Germany has split up into East and West Germany again
Belgium and France have been annexed by West Germany and renamed “Wester Germany” and “Westest Germany” respectively
The entirety of Florida is now underwater. Most of Kansas is too for some reason that scientists refuse to explain because they’ve “sworn an oath to the eldritch gods” and that “much worse things would happen” if they did
The melting ice caps in Antarctica unveiled a lost civilization of intelligent creatures descended from a species of lungfish, predating human civilization by millions of years. They planned on hibernating for another 10-15 million years to observe the course of evolution on Earth and are very very angry at humans for waking them up prematurely and ruining all of that with global warming
The politically correct term for lungfish people is “Dipnoid” but most people refer to them by a variety of slurs, such as “finwalker” and “kelp muncher” (not that they even eat kelp)
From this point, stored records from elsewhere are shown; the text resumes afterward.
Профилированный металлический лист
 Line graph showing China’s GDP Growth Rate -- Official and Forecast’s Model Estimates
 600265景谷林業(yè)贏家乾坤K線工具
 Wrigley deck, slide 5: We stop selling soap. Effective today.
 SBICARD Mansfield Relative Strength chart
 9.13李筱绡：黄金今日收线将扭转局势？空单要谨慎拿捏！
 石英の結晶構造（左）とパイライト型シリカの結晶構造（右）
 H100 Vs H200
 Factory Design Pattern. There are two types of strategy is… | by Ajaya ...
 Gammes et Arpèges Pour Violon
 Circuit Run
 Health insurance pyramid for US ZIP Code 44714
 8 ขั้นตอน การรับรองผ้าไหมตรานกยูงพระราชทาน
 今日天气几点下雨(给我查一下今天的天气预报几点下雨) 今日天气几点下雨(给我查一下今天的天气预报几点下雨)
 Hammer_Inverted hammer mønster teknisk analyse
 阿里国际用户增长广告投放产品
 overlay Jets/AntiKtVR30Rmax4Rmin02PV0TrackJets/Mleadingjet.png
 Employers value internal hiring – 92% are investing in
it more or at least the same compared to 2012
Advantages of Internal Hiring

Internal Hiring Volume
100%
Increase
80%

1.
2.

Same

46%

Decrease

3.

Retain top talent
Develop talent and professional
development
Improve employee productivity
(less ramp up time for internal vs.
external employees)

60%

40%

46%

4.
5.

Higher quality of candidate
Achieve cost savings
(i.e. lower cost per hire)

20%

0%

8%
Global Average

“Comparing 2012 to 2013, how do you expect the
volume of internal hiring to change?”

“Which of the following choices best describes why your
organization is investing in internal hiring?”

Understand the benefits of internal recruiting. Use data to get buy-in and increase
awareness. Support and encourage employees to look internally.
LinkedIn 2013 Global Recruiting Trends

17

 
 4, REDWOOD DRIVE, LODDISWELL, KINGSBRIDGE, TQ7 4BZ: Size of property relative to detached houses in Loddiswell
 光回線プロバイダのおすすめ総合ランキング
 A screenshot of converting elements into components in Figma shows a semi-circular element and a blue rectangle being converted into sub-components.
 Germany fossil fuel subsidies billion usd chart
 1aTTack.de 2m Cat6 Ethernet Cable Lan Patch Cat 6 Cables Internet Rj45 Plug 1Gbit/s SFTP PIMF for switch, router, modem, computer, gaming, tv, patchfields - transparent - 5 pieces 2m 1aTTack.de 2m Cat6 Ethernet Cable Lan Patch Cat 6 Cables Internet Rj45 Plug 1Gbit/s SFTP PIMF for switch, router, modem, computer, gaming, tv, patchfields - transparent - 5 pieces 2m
The Great Pacific Garbage Patch has now increased to nearly half the size of what was formerly known as Canada and has been colonized entirely by pirates (the flag is actually pretty cool). The pirate nation has the 17th largest economy in the world and is projected to surpass the United States in GDP
Africa is about 2% smaller. Nobody knows why. Most people point to Fleebo, who denies having any involvement
All human-Dipnoid interaction was promptly banned by most world governments, except for the GPGPRP (Great Pacific Garbage Patch Republic of Pirates), whom the Dipnoids rely upon extensively for trade
Scientists have used DNA from fossils to recreate other species of humans. We now live alongside them like we did for thousands of years before everyone besides Homo sapiens went extinct. Racism is at an all time high
Class C and above robots are now legally recognized by most progressive countries as people
The United States government has been exposed for secretly funneling billions of dollars into the GPGPRP and using it to fund terrorist operations all over the world.
A new major religion revolving around Dave Grohl has skyrocketed in popularity. Grohilsm is now the world’s largest religion, second only to Fleeboism
Scientists discovered a new continent in the Pacific Ocean, and then promptly lost it again. Most people are convinced this was just an elaborate practical joke, but scientists “swear it definitely happened”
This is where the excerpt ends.